Dataset section
-------
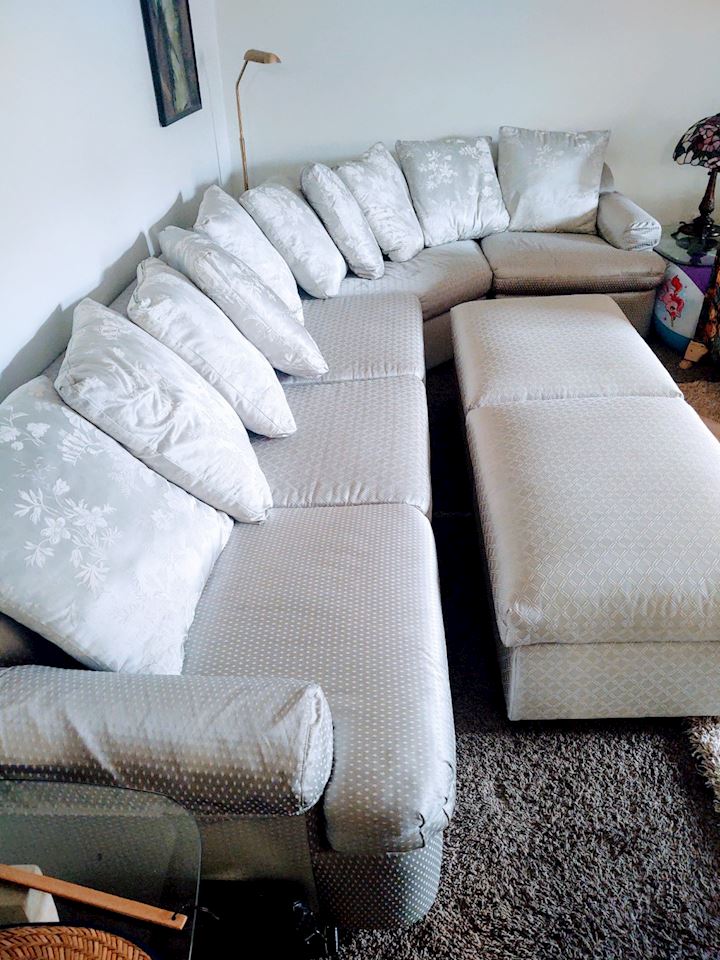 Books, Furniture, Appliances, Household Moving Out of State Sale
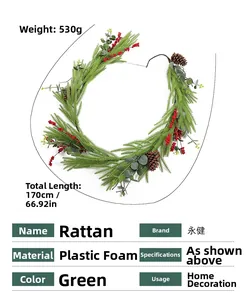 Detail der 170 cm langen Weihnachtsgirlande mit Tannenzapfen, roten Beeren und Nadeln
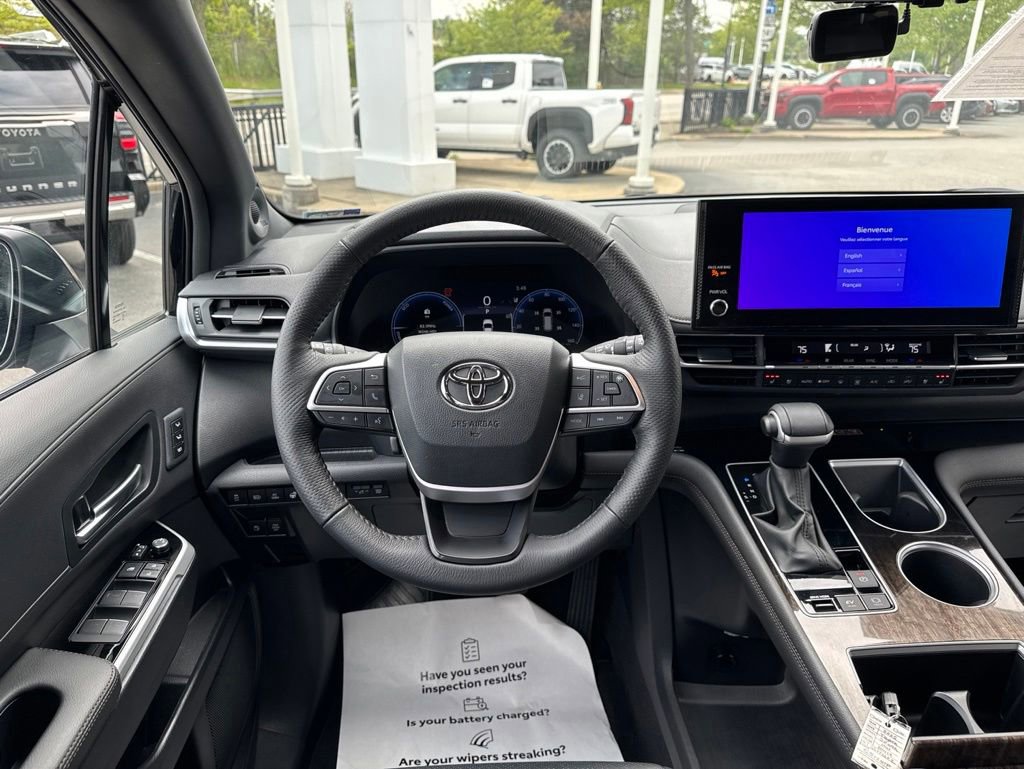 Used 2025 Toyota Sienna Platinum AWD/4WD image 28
-------
Task to complete
From the first line to the last, copy the listing above exactly and leave out the images.

Output for this task
 Books, Furniture, Appliances, Household Moving Out of State Sale
 Detail der 170 cm langen Weihnachtsgirlande mit Tannenzapfen, roten Beeren und Nadeln
 Used 2025 Toyota Sienna Platinum AWD/4WD image 28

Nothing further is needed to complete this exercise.